» **Data section**:
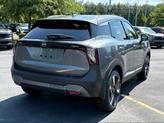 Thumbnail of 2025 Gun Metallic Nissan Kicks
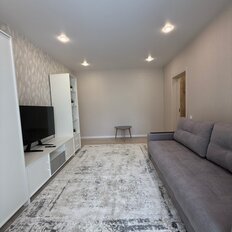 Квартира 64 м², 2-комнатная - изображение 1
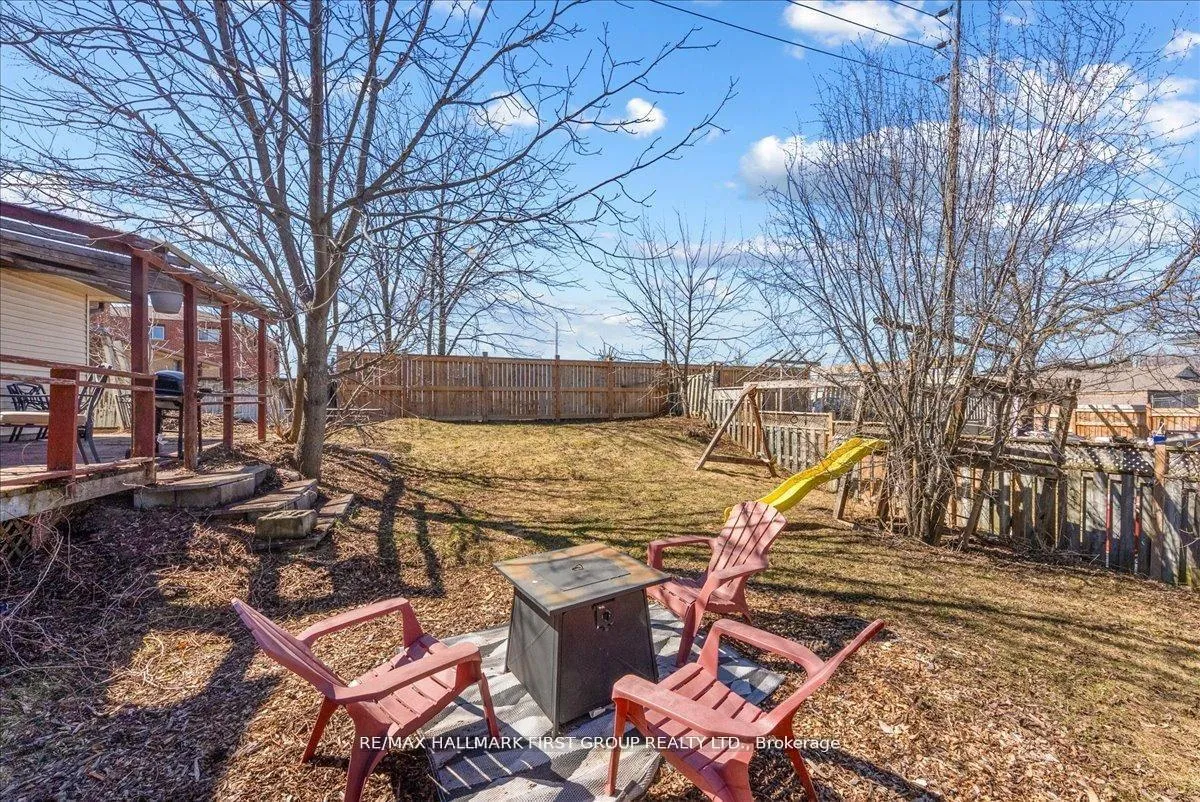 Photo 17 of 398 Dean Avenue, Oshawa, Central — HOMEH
---
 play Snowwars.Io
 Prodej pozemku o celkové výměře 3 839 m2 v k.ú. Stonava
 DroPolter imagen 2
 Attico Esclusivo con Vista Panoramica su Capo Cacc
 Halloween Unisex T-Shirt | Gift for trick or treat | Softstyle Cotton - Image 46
---
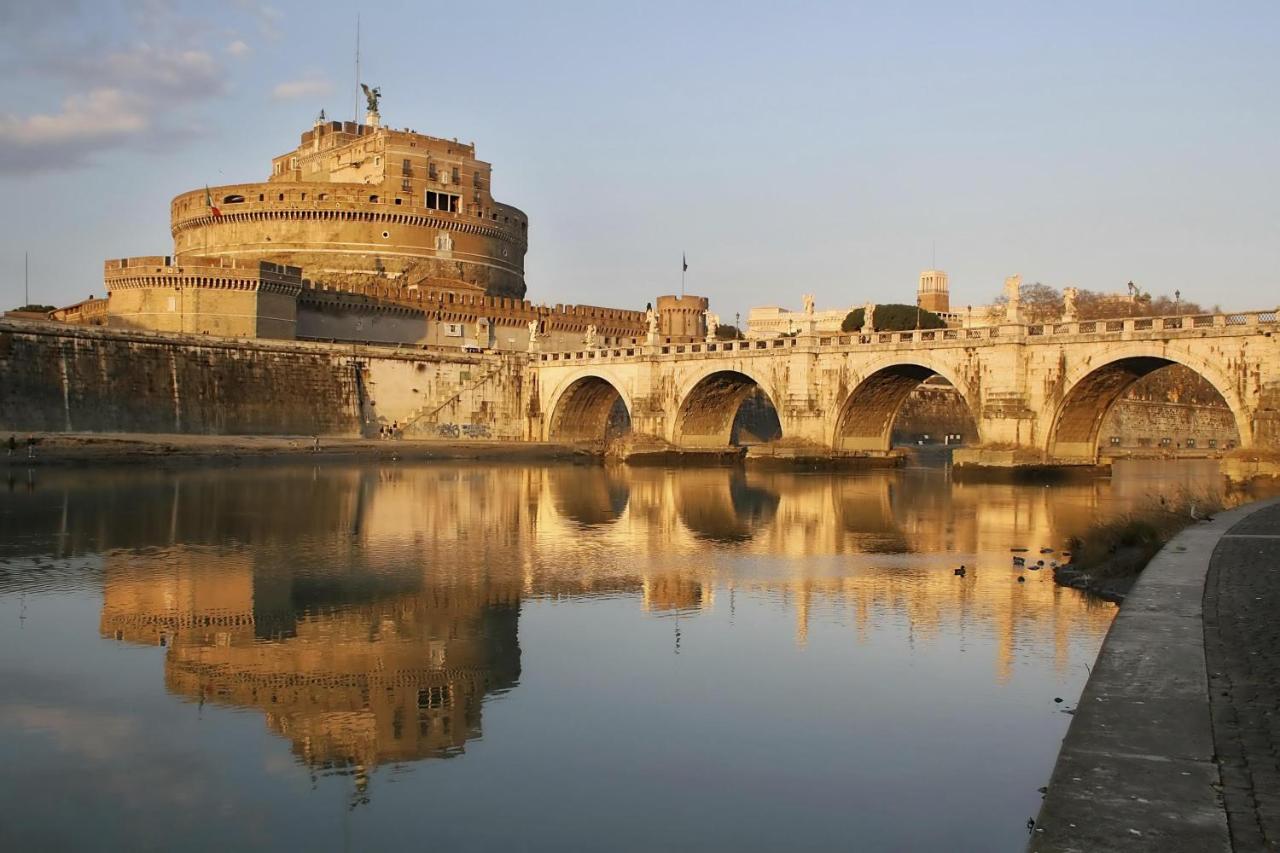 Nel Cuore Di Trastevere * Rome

» **Directions for this task**: What are the lines above, starting at the one with "Prodej pozemku o" and ending at the one with "Halloween Unisex T-Shirt"? Give them again exactly, and only them.

» **Written answer**:
 Prodej pozemku o celkové výměře 3 839 m2 v k.ú. Stonava
 DroPolter imagen 2
 Attico Esclusivo con Vista Panoramica su Capo Cacc
 Halloween Unisex T-Shirt | Gift for trick or treat | Softstyle Cotton - Image 46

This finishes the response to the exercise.